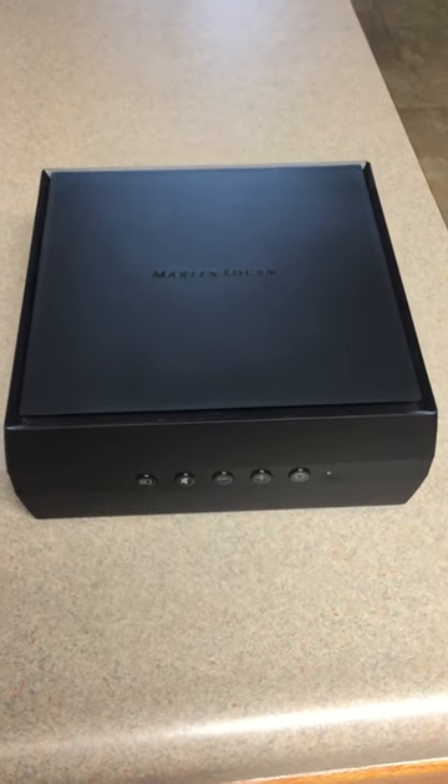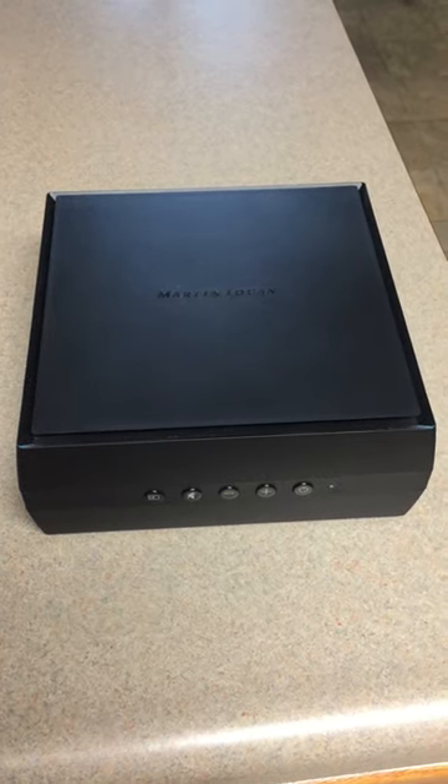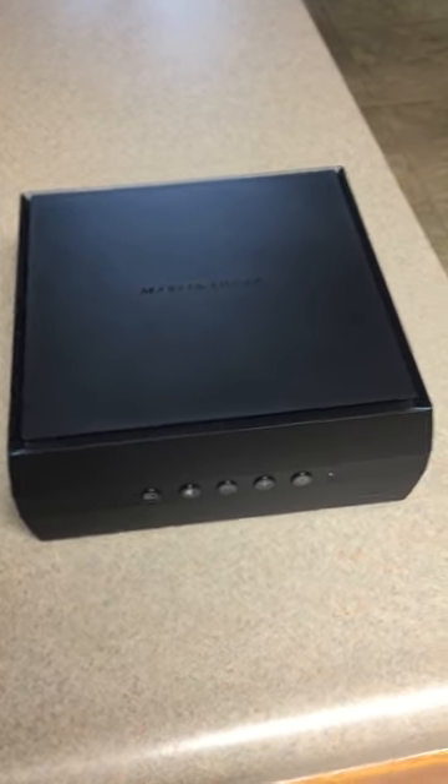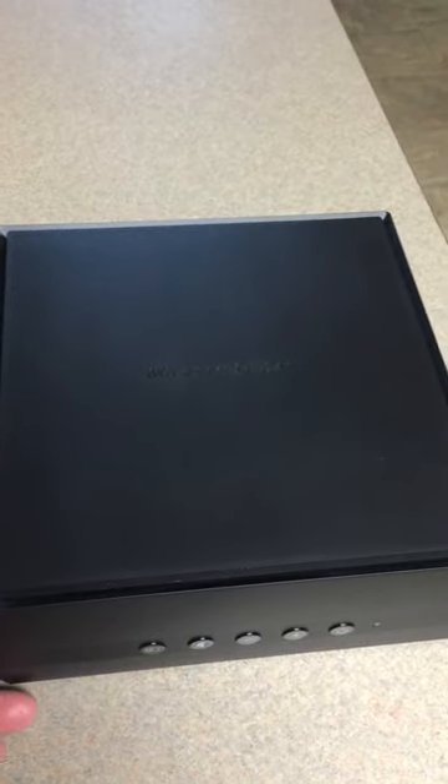Hello everyone, this is Francisco from the Secrets team. Today we're going to take a look at the MartinLogan Forte amplifier. Yes, this is an amp — and as you can see, this is my hand, which gives you an idea of how big this amp is. It's very powerful and I'm going to give you a full report.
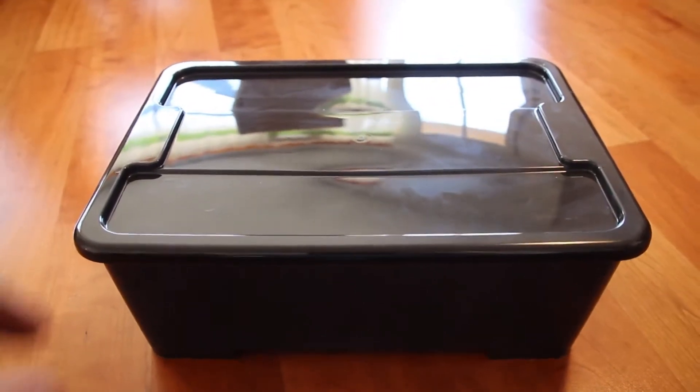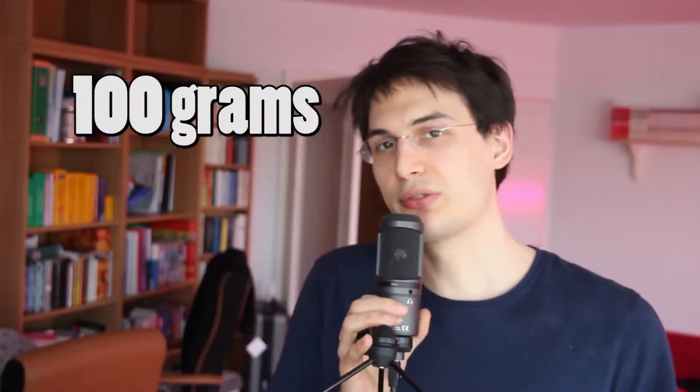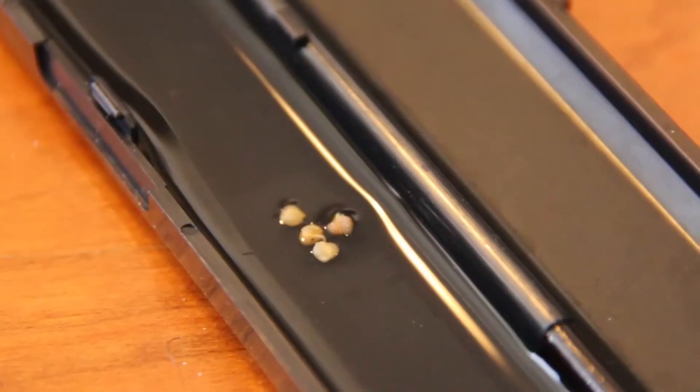A box with a lid. I bought my box with a lid from IKEA. 5 net pots, about 100 grams or 3 ounces of expanded clay pellets, fertilizer, water and plant seeds.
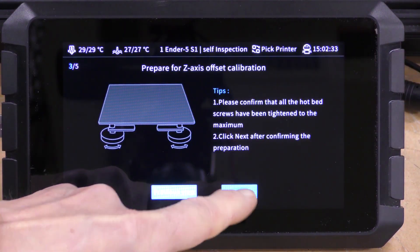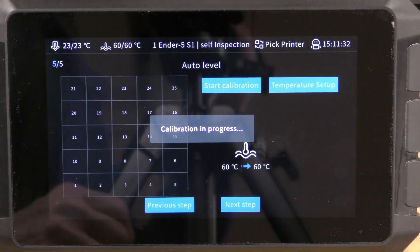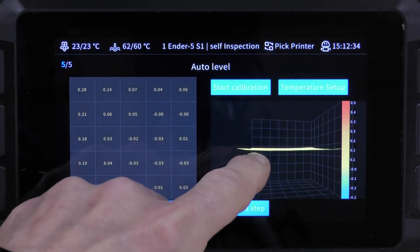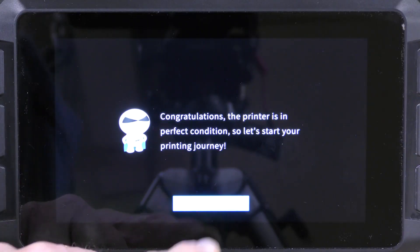Then it's going to want to run a Z-axis calibration and bed leveling. So heat the bed first, then go through the auto level, then accept it. And that's it — everything is installed.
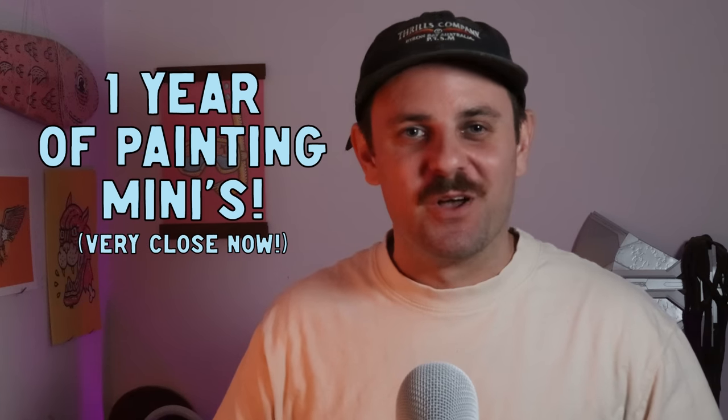My first year of mini painting has come to a close. Was it a waste of time? How many minis did I paint? And have I improved? You're about to find out.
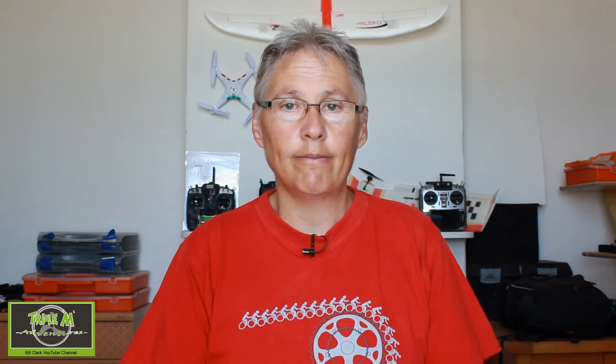This video has been prompted by the new goggles I've got, which are the Cobra X. They have a head tracker facility, so I'm going to show you in this video how to set it up. It's actually very easy to do, so let's switch over to the OpenTX radio and I'll show you how to put the settings into the radio.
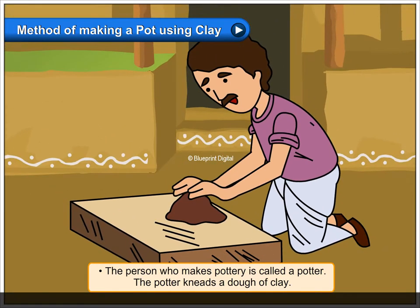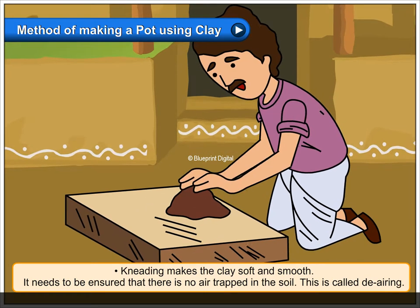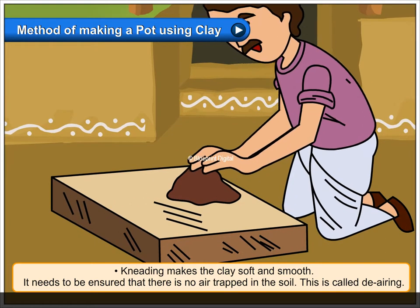The potter kneads a dough of clay. Kneading makes the clay soft and smooth. It needs to be ensured that there is no air trapped in the soil.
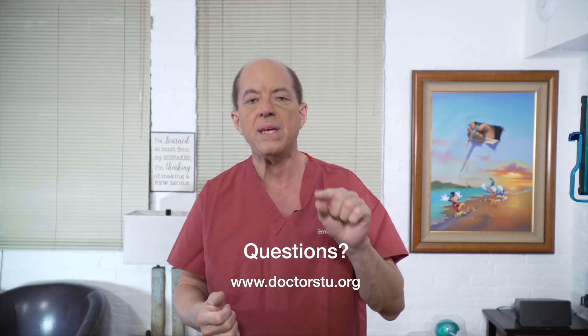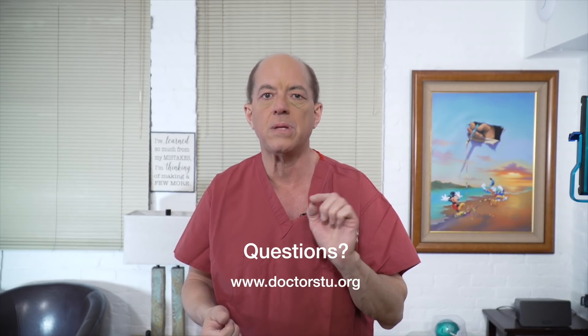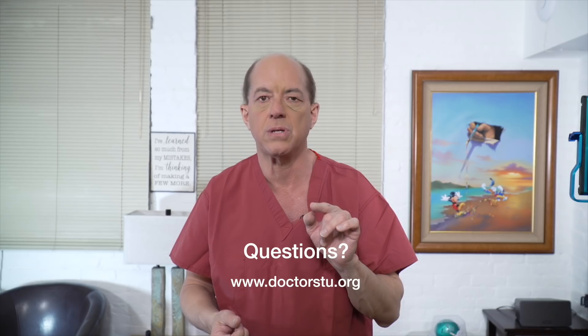Thanks very much for sending in that question. If you have a question you'd like us to answer, please go to our website, www.drstu.org — that's www.d-o-c-t-o-r-s-t-u.org. We'll see you tomorrow.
----
What the task asks:
For the entries above, print exactly the lines between the one with "Then it's going" and the one with "My first year", inclusive, with no pictures.

Result:
Then it's going to want to run a Z-axis calibration and bed leveling. So heat the bed first, then go through the auto level, then accept it. And that's it — everything is installed.
My first year of mini painting has come to a close. Was it a waste of time? How many minis did I paint? And have I improved? You're about to find out.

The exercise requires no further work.